Namun, seiring berjalannya waktu yang diwarnai berbagai perubahan konstelasi politik di Jakarta, muncullah dua paslon penantang yang tak terduga, yaitu paslon nomor urut 1, Agus Harimurti Yudhoyono-Sylviana Murni (Agus-Sylvi), dan paslon nomor urut 3, Anies Rasyid Baswedan-Sandiaga Salahudin Uno (Anies-Sandi). Paslon nomor urut 3 yang akhirnya menjadi penantang serius bagi paslon nomor urut 2. Agus-Sylvi kalah telak, sementara perolehan suara Ahok-Djarot dan Anies-Sandi berselisih tidak terlalu jauh pada putaran pertama.
Anies-Sandi benar-benar menjadi menjadi batu sandungan bagi Ahok-Djarot. Perlahan, tapi pasti, elektabilitas Anies-Sandi meroket menjelang hari H Pilkada DKI Jakarta putaran kedua. Berbagai lembaga survei pun sempat mengunggulkan Anies-Sandi sebelum pemungutan suara berlangsung. Akhirnya, prediksi sejumlah pihak terbukti, Ahok-Djarot dikalahkan Anies-Sandi, meski penilaian ini masih berdasarkan versi hitung cepat lembaga-lembaga survei terpercaya.
Sebagai politikus berjiwa besar, Ahok-Djarot mengakui kekalahan ini. Ahok sendiri mengaku mendapat pelajaran berharga dari penyelenggaraan Pilkada DKI Jakarta yang diikutinya. Mungkin itu juga yang menjadi penyebab kekalahannya. Kepada media, Ahok mengaku mendapat tiga pelajaran penting dari kekalahannya sebagaimana dilansir mediaindonesia.com (19/4/2017).

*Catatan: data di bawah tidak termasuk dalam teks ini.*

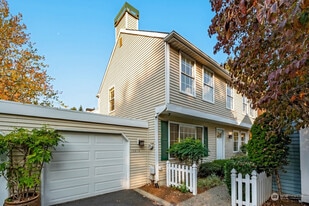 Building Photo - 10278 NE 129th Ln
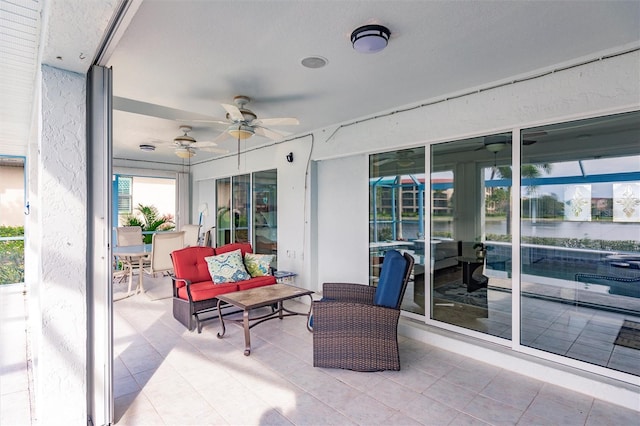 sunroom with ceiling fan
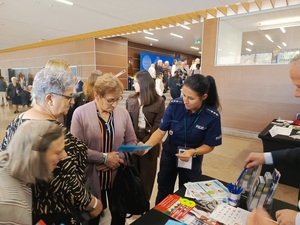 policjanci podczas konferencji z Seniorami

Pertama, jangan sembarangan bicara. Kata Ahok, sebagai pejabat publik ia semestinya menjaga ucapannya alias tidak asal bicara. Pelajaran pertama ini merujuk pada kasus penodaan agama yang menimpanya. Betul sekali Pak Ahok, tergelincir lidah itu lebih berbahaya daripada tergelincir kaki.
Kedua, jangan arogan dan mengumbar amarah di depan umum. Ahok memang kerap terlihat marah-marah selama menjadi wakil gubernur maupun setelah menjadi gubernur menggantikan Joko Widodo. Bahkan, kemarahannya itu sering dipertontonkan di depan masyarakat banyak dan disiarkan di televisi. “Pejabat publik jangan marah depan umum, itu pelajaran kedua,” kata Ahok kepada mediaindonesia.com.
Pelajaran terakhir, yang ketiga, nasihat orang perlu didengarkan. Menurut Ahok, selama ini dia memang seringkali tidak mendengarkan nasihat dari partai pengusung, termasuk nasihat Surya Paloh, Ketua Umum Partai Nasdem, yang memintanya menjaga sikap dan etika. Iya, betul sekali, Pak. Kita semua adalah masyarakat yang menjaga sikap dan etika dalam segala lini kehidupan. Jadi, nasihat Pak Surya Paloh itu sangat betul sekali.
Ahok menyadari ketiga hal itu sebagai penyebab kekalahannya. Ia legawa dan berharap paslon terpilih bisa membangun Jakarta menjadi lebih baik dan berkemajuan.